БУТЫЛИ ДЛЯ ПРОЛЕТАРИАТА И ЧЕТЫРЕХМЕТРОВОЕ ЛИЦО ВОЖДЯ
Самая большая трудность работы с материалом еще до проекта крылась в желании стариков уместить все до последней пылинки. Спорить с ними было трудно и опасно. Мы очень рисковали вызвать их гнев: не могут разместить все, что нужно, значит, плохие художники.
Проект сделали. Сначала его утвердили старики —ветераны революции, следующая инстанция — бюро райкома, потом — горком, первый секретарь Московского горкома партии Виктор Гришин.
Потом надо было все это делать в материале: металлические конструкции, столярные, картонажные работы, электрика, гигантский объем фото — и шрифтовых работ. Я очень рассчитывал на помощь друзей, и они мне помогали.
К тому же райком обязал предприятия района (Гознак, автозавод имени Владимира Ильича, картонажная фабрика, типографии) выполнять наши заявки и по мере надобности выделять людей.
Когда начался монтаж, работало сразу несколько бригад. А я уже имел богатый опыт общения с рабочим классом, более того, я сам бывал его частью. Посоветовавшись с Люсей, принял решение, оказавшееся самым оригинальным в революционном проекте.
В Перовом Поле у меня были налажены прочные связи, как и положено человеку, внедрившемуся в местную жизнь. Там некая оборотистая тетка гнала отличный самогон, я ангажировал ее на ближайшее время и каждое утро отправлялся за товаром. Тетка заливала самогон в двухлитровые оплетенные бутыли из-под болгарского вина «Гамза», они прекрасно умещались в большой портфель.

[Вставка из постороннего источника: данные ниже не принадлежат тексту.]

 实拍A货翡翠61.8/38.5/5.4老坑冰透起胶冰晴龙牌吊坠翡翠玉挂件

Прибыв на место, говорил ждавшим меня рабочим, сплошь ударникам коммунистического труда (других на создание музея революционной славы не командировали):
— Получите после работы — коллектив знал, что именно получит.

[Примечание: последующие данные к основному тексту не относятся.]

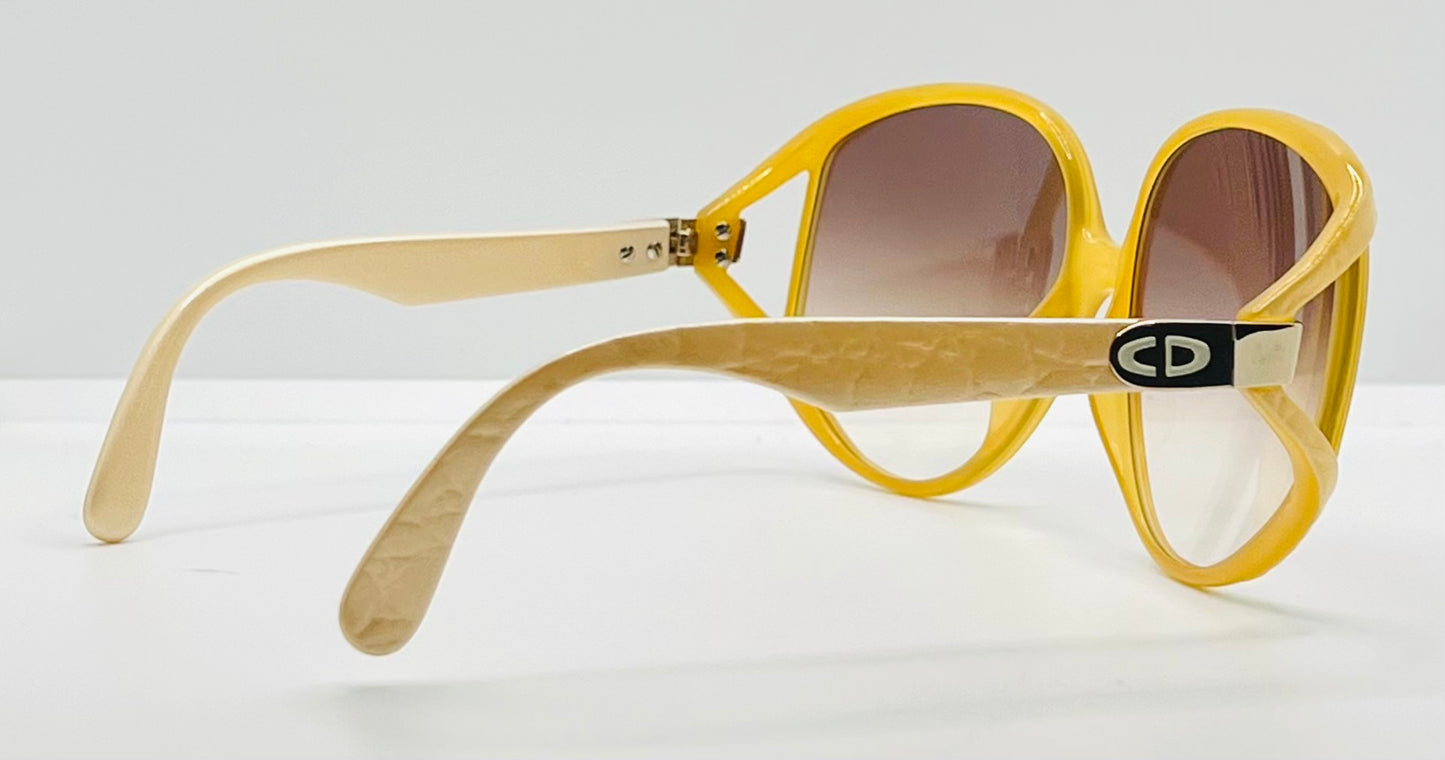 Vintage Christian Dior 2320A 70 Sunglasses – Deadstock – Gradient Light Brown Lenses
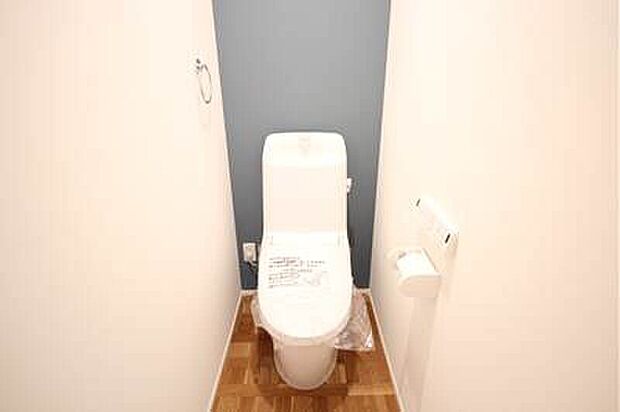 【【平屋の常識を覆す】家族みんなが嬉しい「トイレ2箇所」の安心】平屋で手狭になりがちなトイレを2箇所に。朝のラッシュ時も重ならずストレスフリー。夜間の移動もスムーズで、将来の暮らしまで長く安心です。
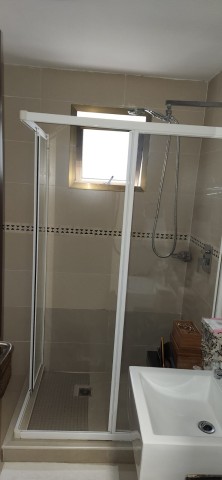 A Venda Apartamento T2, no Condomínio Clássicos do Sul, Benfica.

Не менее удачным ходом стало следующее решение. Я вспомнил прием, который уже применял, правда в совершенно других условиях и с другой целью. Тогда недорисованный Ильич, смотрящий прямо в глаза всякому входящему, спас меня от угрозы обвинений в тунеядстве (опять спасибо Валентину Михайловичу Окорокову).
В музейный зал вела широкая двустворчатая дверь. Напротив на большой стене мы разместили фотографию Ленина — от пола до потолка. Все тот же портрет работы Наппельбаума: Ленин, взятый крупным планом, смотрит в упор исподлобья. Такое фото могли напечатать только в комбинате, сверхувеличение — метра четыре, и только очень профессиональные картонажники могли оклеить огромный планшет, чтобы на стыках не было сбоя. Потом бригада ретушеров заделала швы, ведь на таком фотоувеличении все недостатки лезут наружу.
Это был первый смонтированный кусок.
Представляете четырехметровое лицо вождя и его взгляд? Серафима Евсеевна призналась мне, что, когда она увидела это, не смогла уйти и ночевала у портрета.
— Николай Александрович, что вы сделали, что вы сделали! Я сидела напротив него всю ночь… Мы разговаривали…
Вот волшебная сила искусства! Серафима открывала дверь и попадала под взгляд человека, который, несмотря ни на что, был ее кумиром.
Как-то мы с Серафимой в обед стояли в очереди в райкомовской столовой, а мимо нас в кабинет спецобслуживания шмыгали мальчишки-инструкторы.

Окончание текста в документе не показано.